I worked with a customer recently where they wanted their users to receive nothing but their application shortcuts on their published desktops, and for them also to be prevented from creating or removing anything. Historically, this antipathy towards customization of the desktop had started when users began to copy huge files and folders to their desktops and bloated their roaming profiles, and only got worse when users began to use desktop folders as storage areas instead of network drives, and as a result some high-profile loss of documents had occurred. I tried to convince them that allowing users to create shortcuts and other items on their desktops might be a good idea – after all, in these days of shared storage and super-fast network connections, desktops (redirected or local) shouldn’t suffer from slow loading at all – and they just needed to educate their user base in the creation of shortcuts to folders rather than folders themselves. But they were dead set against it; when a user logged in, they wanted the relevant application shortcuts deployed based on AD group membership, and nothing was to be customized at all.
OK, so that’s what they want, that’s what they get! The question of how to do it was next raised. We had been deploying shortcuts for this client through Environment Manager onto mandatory profiles, so the first solution mooted was to let the shortcut creation run, and then lock down the NTFS permissions on the user’s Desktop folder using a script. This, while appearing effective in testing, just didn’t sit right with me. With 1200 users logging in and creating Desktop folders in their profiles, only to then lock each and every one of these folders into Read-Only mode – it seemed like a waste of time and disk space. Granted, their shortcuts would be unique, but everything else would be identical. The idea seemed to be nothing but an unnecessary use of resource.

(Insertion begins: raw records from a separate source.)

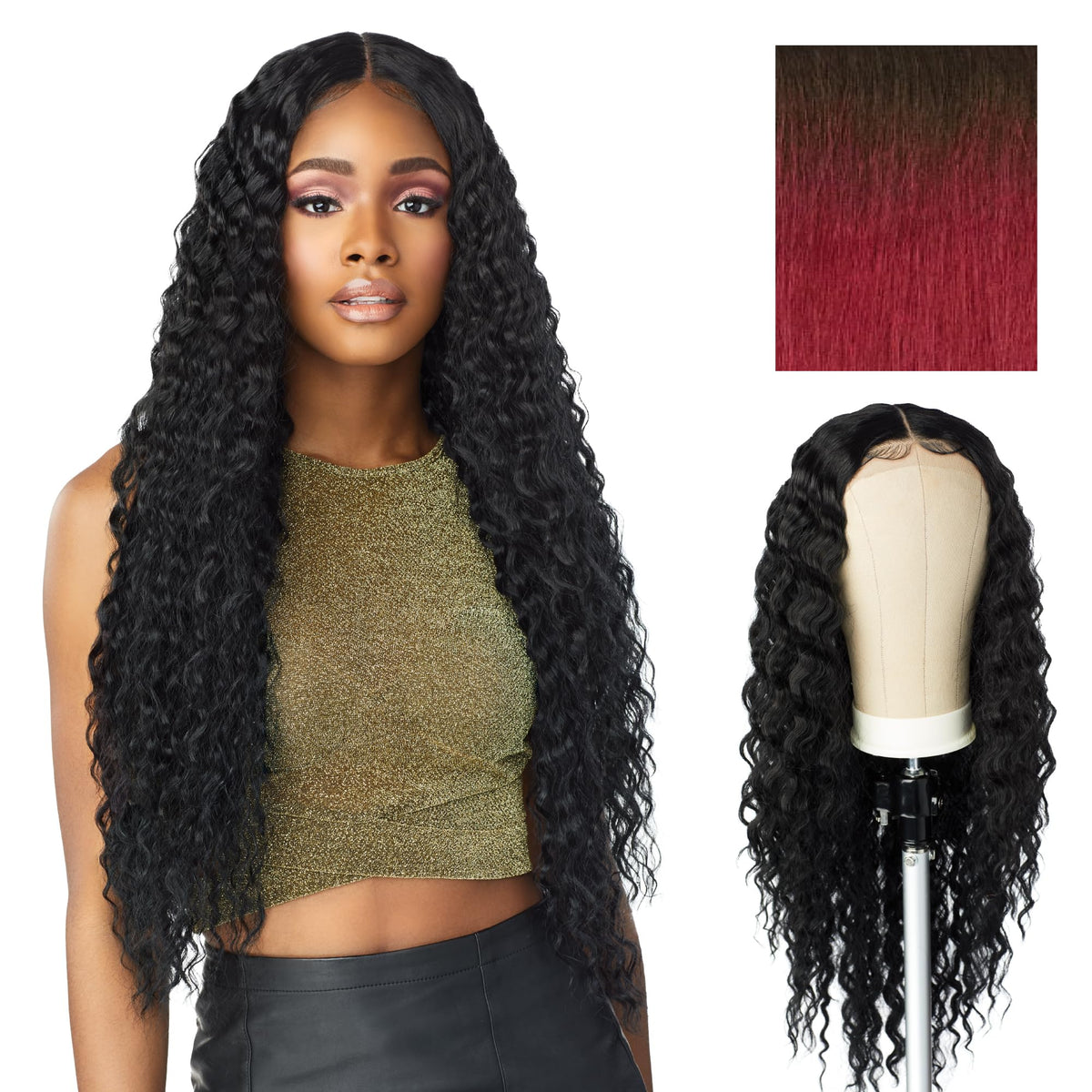 Sensationnel Butta LaceWig-Unit 3, T4/WINE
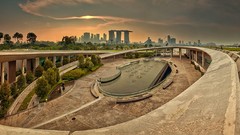 Landscapes Singapore buildings urban golden cityscapes
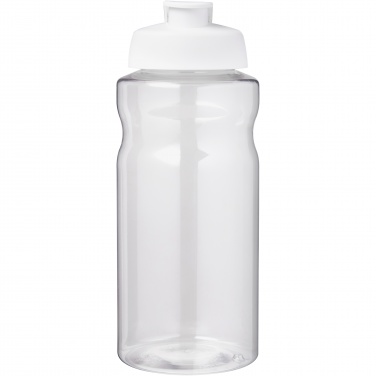 Logo trade corporate gifts image of: H2O Active® Big Base 1 litre flip lid sport bottle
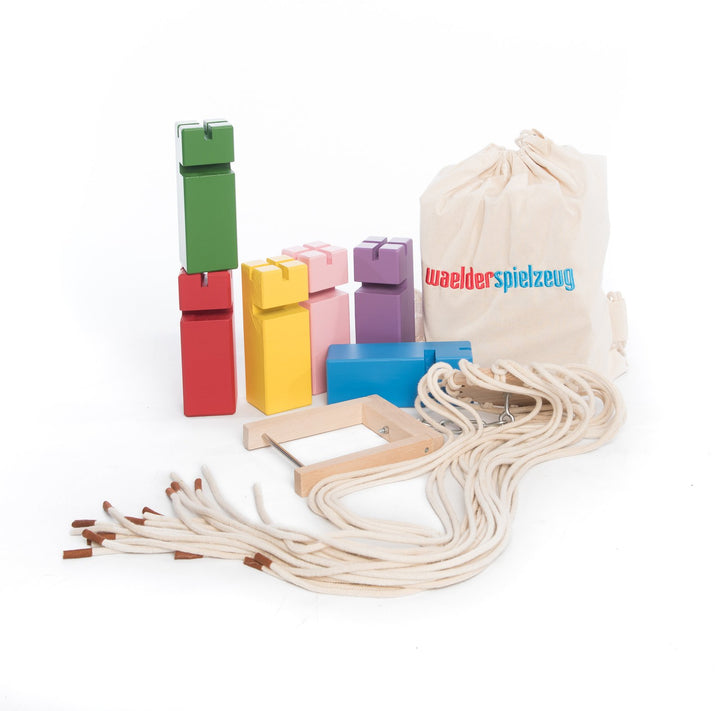 waelderspielzeug Fröbelturm - Teamspiel für Erwachsene und Kinder ab 8 Jahren - das Original aus hei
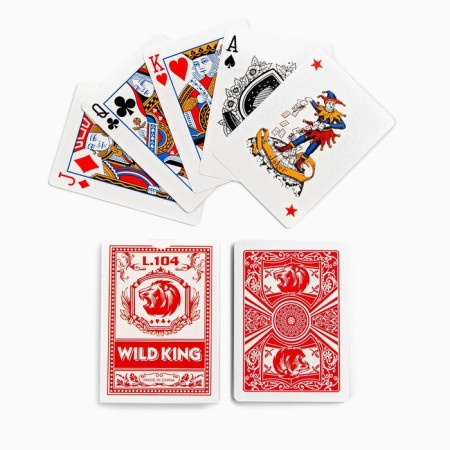 Paper Paper Cards Wild King, 55 pcs, 280 g/m2, red, 6.3 x 8.8 cm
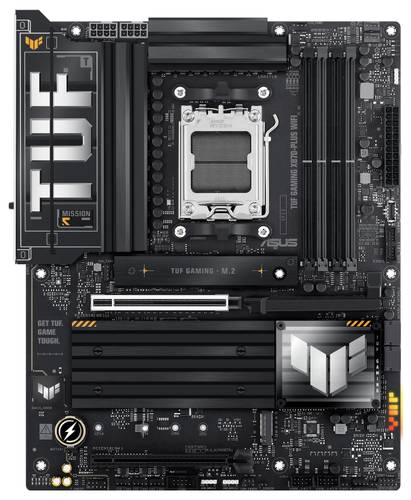 Asus ASUS TUF X870-PLUS Gaming WIFI (AM5) (D) Mainboard Sockel (PC) AMD AM5 Formfaktor (Details) ATX Mainboard-Chipsatz AMD X870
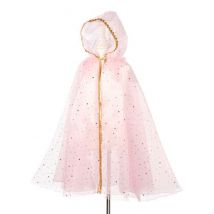 Souza for Kids - Roze verkleedcape met capuchon - Suzanna 3-4 jaar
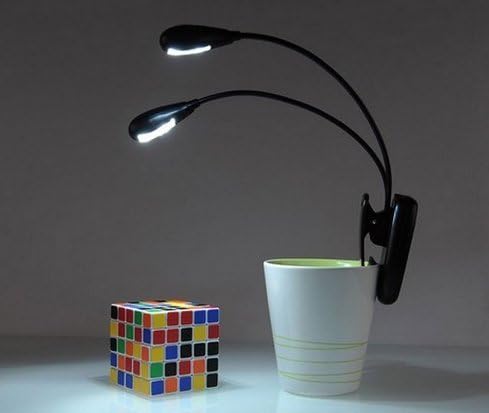 Miniatura 8 de HIYI libro lectura soporte luz para cama o soporte de música luz 4 unids LED Clips recargable libre cable USB luz diurna blanco viaje luz clip luz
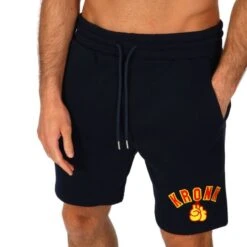 Kronk Gloves Applique Jog Shorts -Empire Sales Store kronk applique gloves jog shorts navy 1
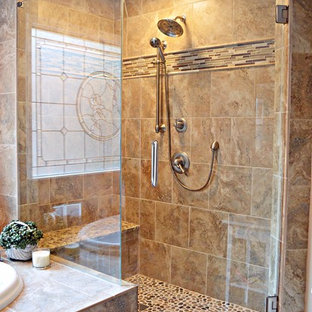 Johns Creek, GA - 2 Bathrooms and Fireplace Surround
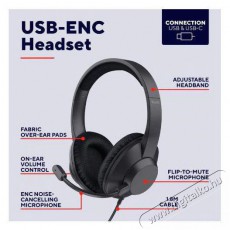 Trust AYDA MAX USB-ENC Audio-Video / Hifi / Multim&eacute;dia - F&uuml;l &eacute;s Fejhallgat&oacute;k - Fejhallgat&oacute; mikrofonnal / headset - 519238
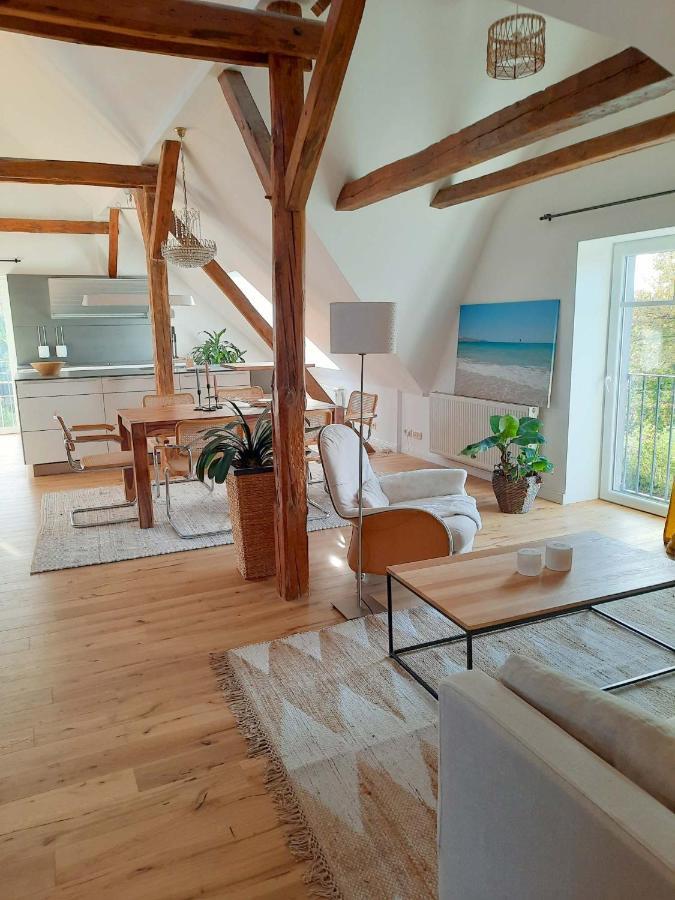 Luxurioeses Loft Mit Schoenem Blick 特雷姆斯比特尔 外观 照片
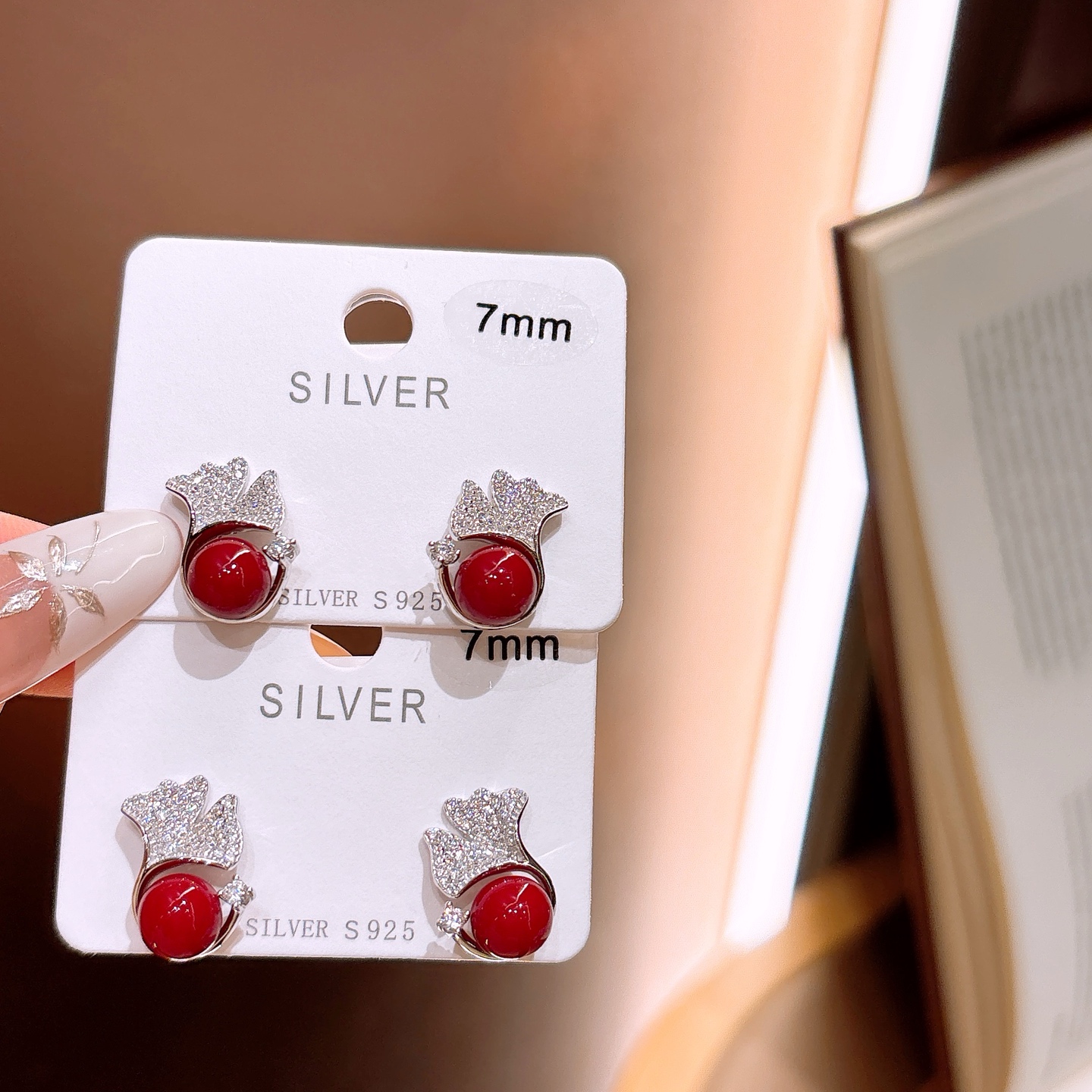 Nickelfreies Silber Ohrringe Leichter Luxus Hauseinweihung Gold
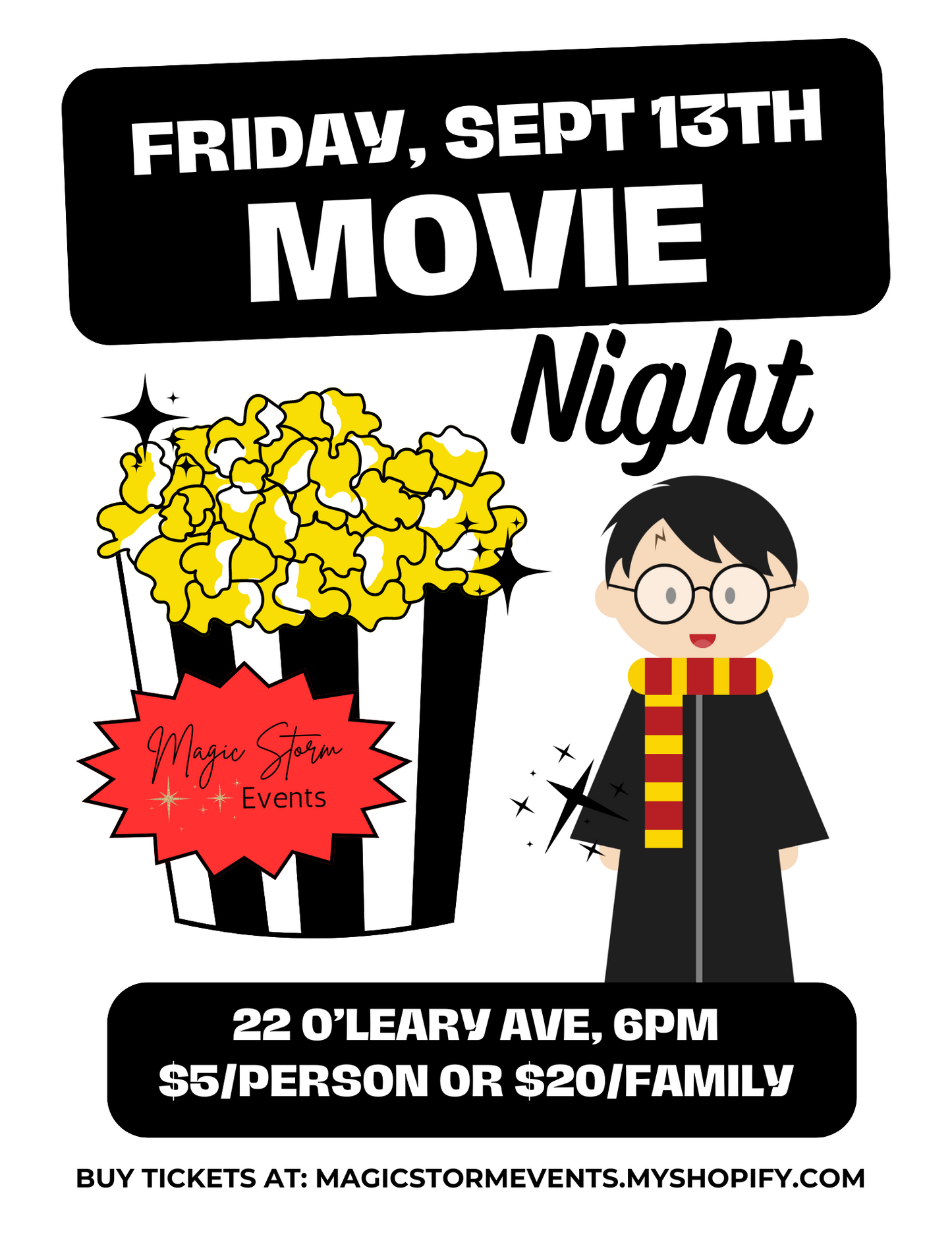 Harry Potter Movie Night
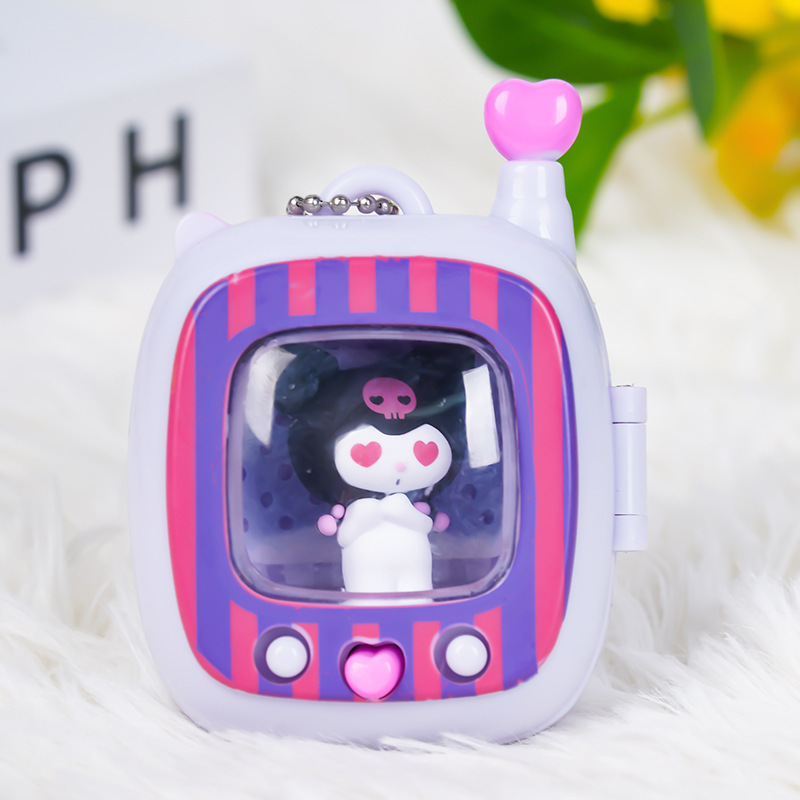 アニメの発光携帯電話のキーホルダー創意かばんのペンダントは精巧な贈り物を飾って小夜灯の携帯電話の明かりを飾ります。|undefined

So I tried to think of a way to do this a bit more elegantly. I thought about Folder Redirection. And then I thought about applying NTFS permissions to redirected folders. And then I realized it was dead easy – just redirect all the users to the same Desktop folder, and lock the shortcuts, not just the folder, using individual NTFS permissions for every file.
First of all we did the horrible bit – creating a shared folder on the network called SharedDesktop, and creating a shortcut in here for every application the client used (about 130, as I remember). Then we went through and changed the permissions on every shortcut so that only the application group had Read access to it. The permissions on the SharedDesktop folder looked like this, Administrators:F and Users:RX
And the permissions on each shortcut item in the folder looked something like this, Administrators:F and Application Group:RX
Now with that soul-destroying task out of the way, we simply had to configure a quick Folder Redirection action in Environment Manager using Action | File and Folder | Folder Redirection. If you’re not an AppSense user, you can easily do this with Group Policy Objects. Just remember to Security Filter the GPO by a group, otherwise everyone who logs on to the server will get the same redirected desktop settings (including Administrators).
And once we had this in place, we’d replaced two nodes which contained a total of 131 Conditions and 131 dependent Actions with one node that contains just one condition and one dependent action – with exactly the same results!
When the users started to log on to test, it all worked exactly as the client wanted – application shortcuts deployed dependent on AD group, desktops fully locked into Read-Only mode, and as an added bonus, a very snappy logon time. The idea that they’d get only the shortcuts that their user accounts had the NTFS permissions to see worked flawlessly. The only reservation I had about it was that it was slightly non-standard, so we made sure we put a very detailed comment into the Description field of the Folder Redirection action. But it just goes to show that there’s often a much slicker and easier way to get environments configured the way people want them, if you just take a few minutes to give it a bit of thought.
Update – as mentioned in the comments section, it may be worth mentioning that Access-Based Enumeration needs enabling for this to work correctly. In later versions of Windows it should be enabled automatically if I remember correctly – but if you’ve still got file servers on Windows 2003, you may need to enable this on the share you’re using to host the shortcuts.